**Material shown**
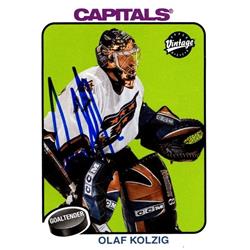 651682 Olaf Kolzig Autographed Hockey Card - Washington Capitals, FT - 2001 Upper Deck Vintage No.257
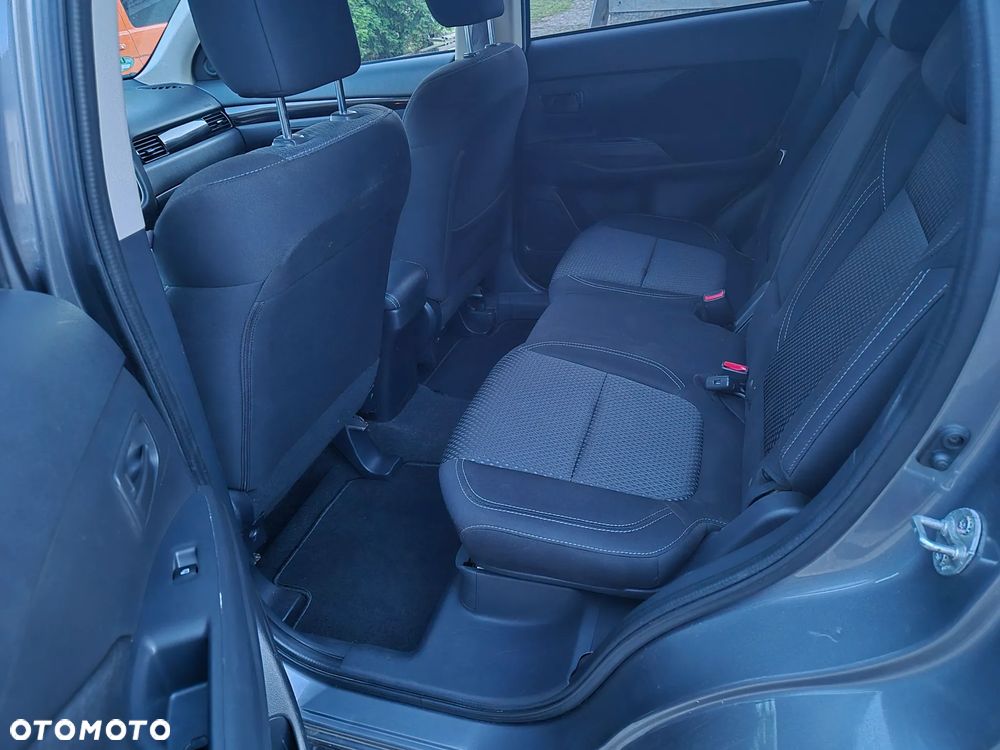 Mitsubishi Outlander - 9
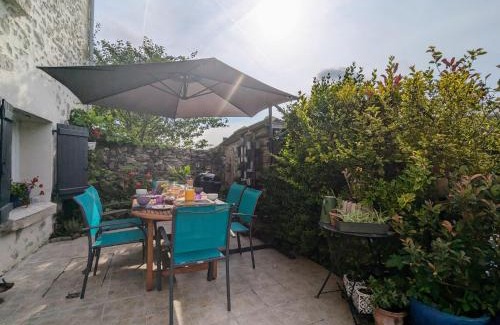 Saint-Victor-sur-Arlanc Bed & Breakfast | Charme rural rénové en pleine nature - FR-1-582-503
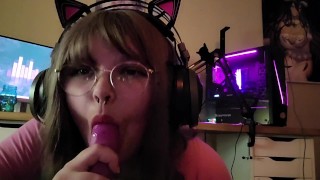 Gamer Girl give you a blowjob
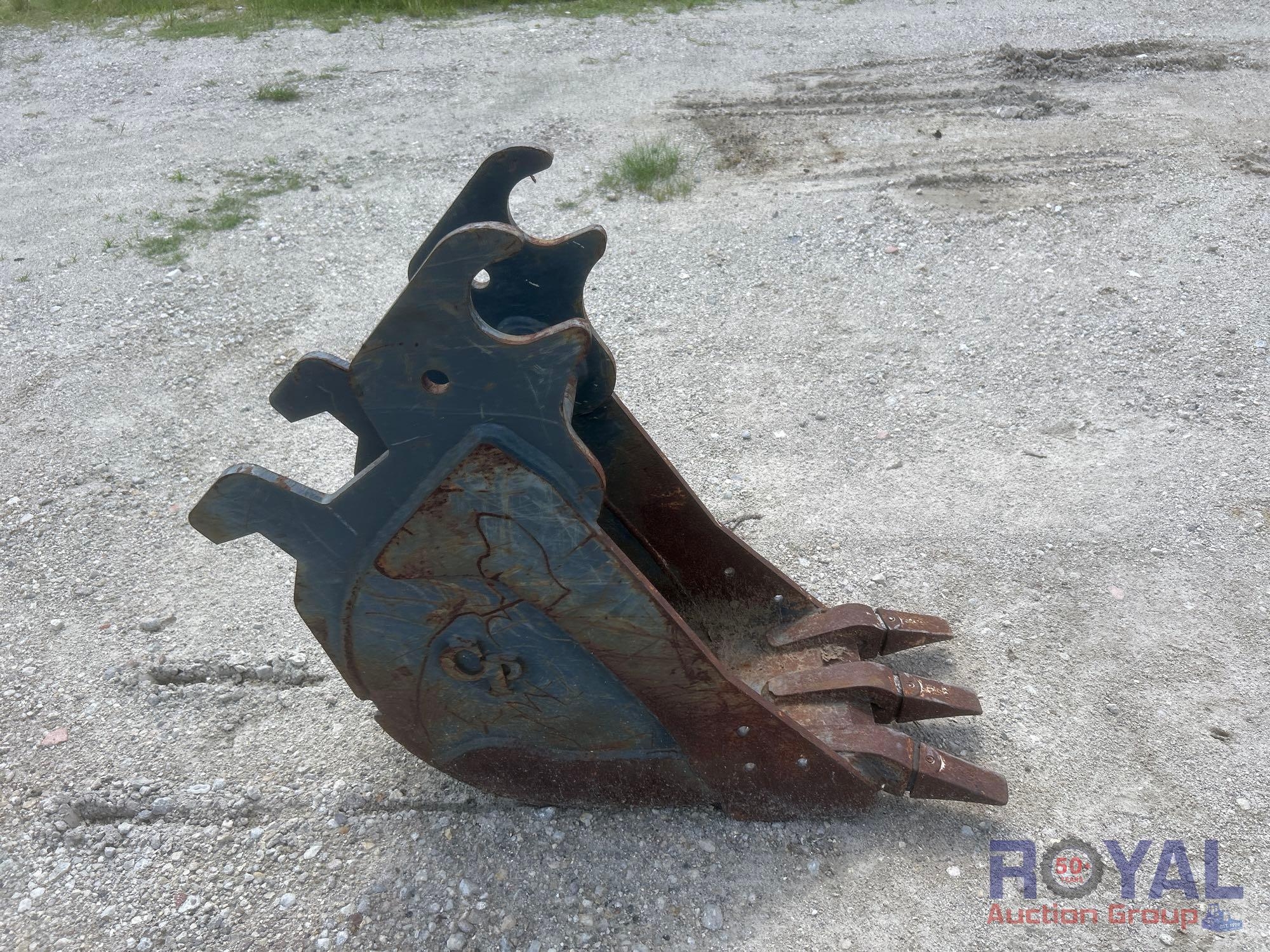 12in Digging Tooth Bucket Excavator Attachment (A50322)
* * *
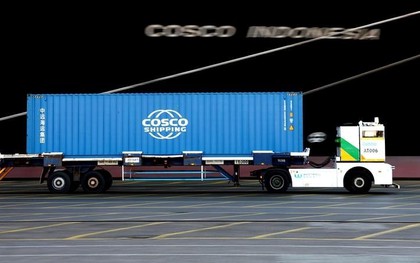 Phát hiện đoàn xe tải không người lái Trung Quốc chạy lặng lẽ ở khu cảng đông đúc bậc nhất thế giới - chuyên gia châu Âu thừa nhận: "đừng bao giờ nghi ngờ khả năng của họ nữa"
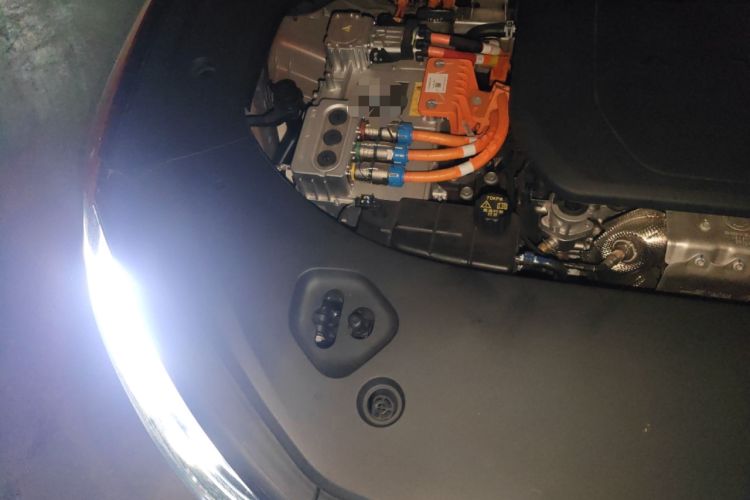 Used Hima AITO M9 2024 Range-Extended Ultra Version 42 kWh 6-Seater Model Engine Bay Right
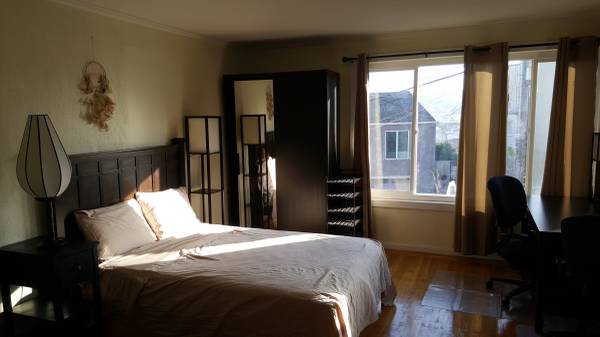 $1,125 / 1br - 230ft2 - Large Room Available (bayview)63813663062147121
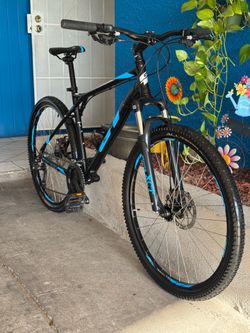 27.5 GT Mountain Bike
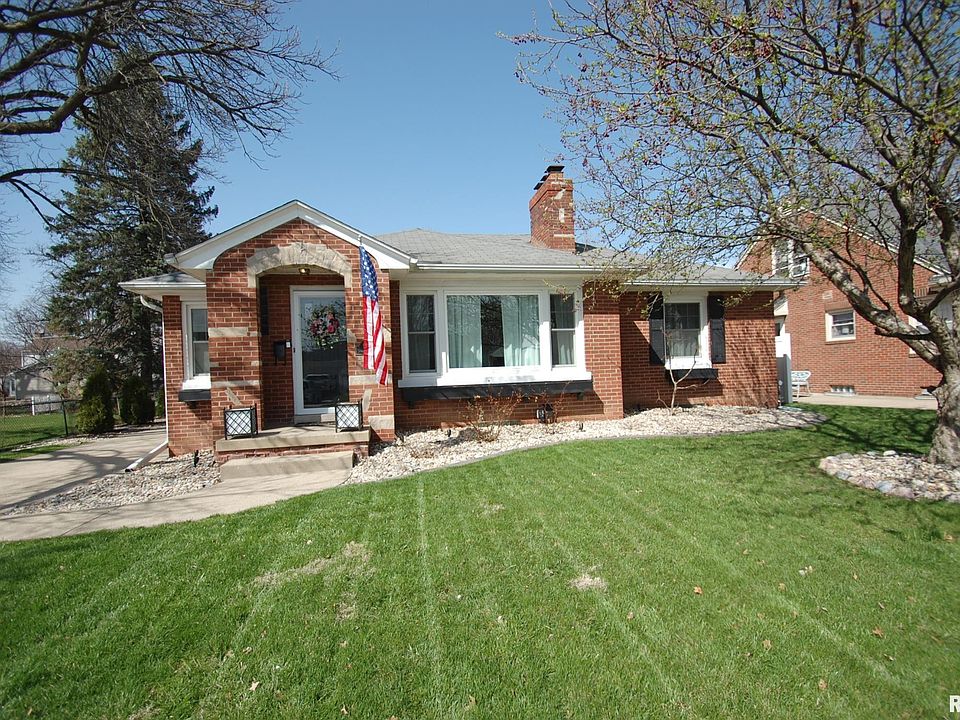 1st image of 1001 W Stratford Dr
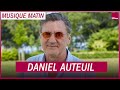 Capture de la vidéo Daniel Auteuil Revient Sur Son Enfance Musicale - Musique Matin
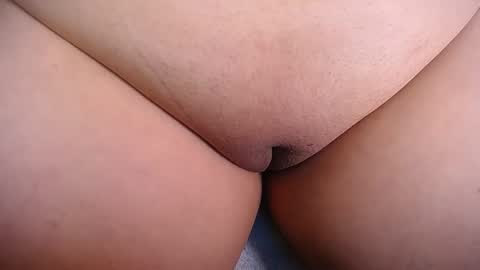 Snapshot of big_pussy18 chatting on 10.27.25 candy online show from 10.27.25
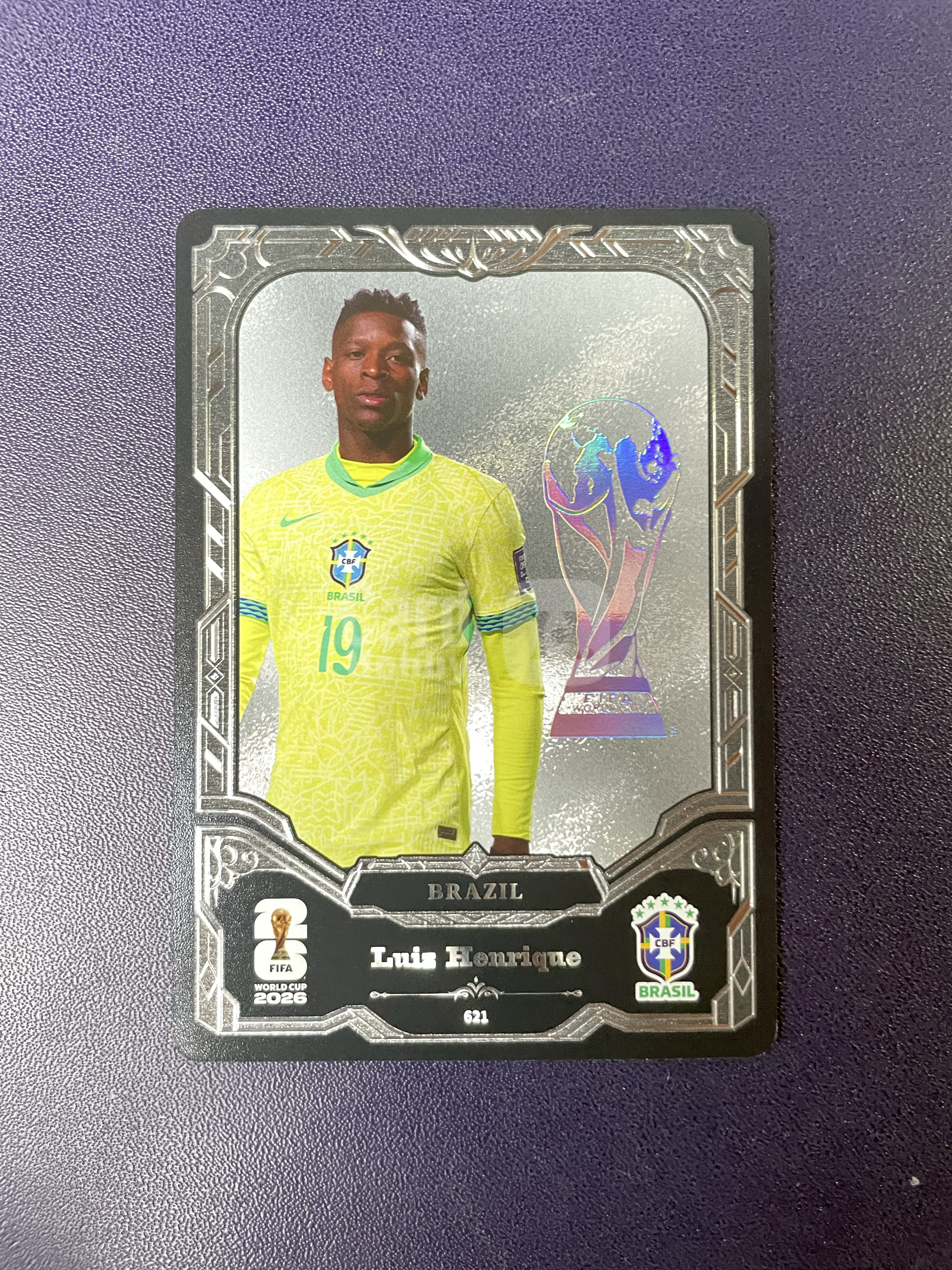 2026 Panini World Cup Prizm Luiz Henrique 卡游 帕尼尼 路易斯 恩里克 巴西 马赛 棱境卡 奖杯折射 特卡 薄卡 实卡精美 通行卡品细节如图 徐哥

**What is required**
An exact copy of the lines above from the one with "651682 Olaf Kolzig" up to and including the one with "12in Digging Tooth" is required; reproduce only those lines, omitting all pictures.

**Output**
 651682 Olaf Kolzig Autographed Hockey Card - Washington Capitals, FT - 2001 Upper Deck Vintage No.257
 Mitsubishi Outlander - 9
 Saint-Victor-sur-Arlanc Bed & Breakfast | Charme rural rénové en pleine nature - FR-1-582-503
 Gamer Girl give you a blowjob
 12in Digging Tooth Bucket Excavator Attachment (A50322)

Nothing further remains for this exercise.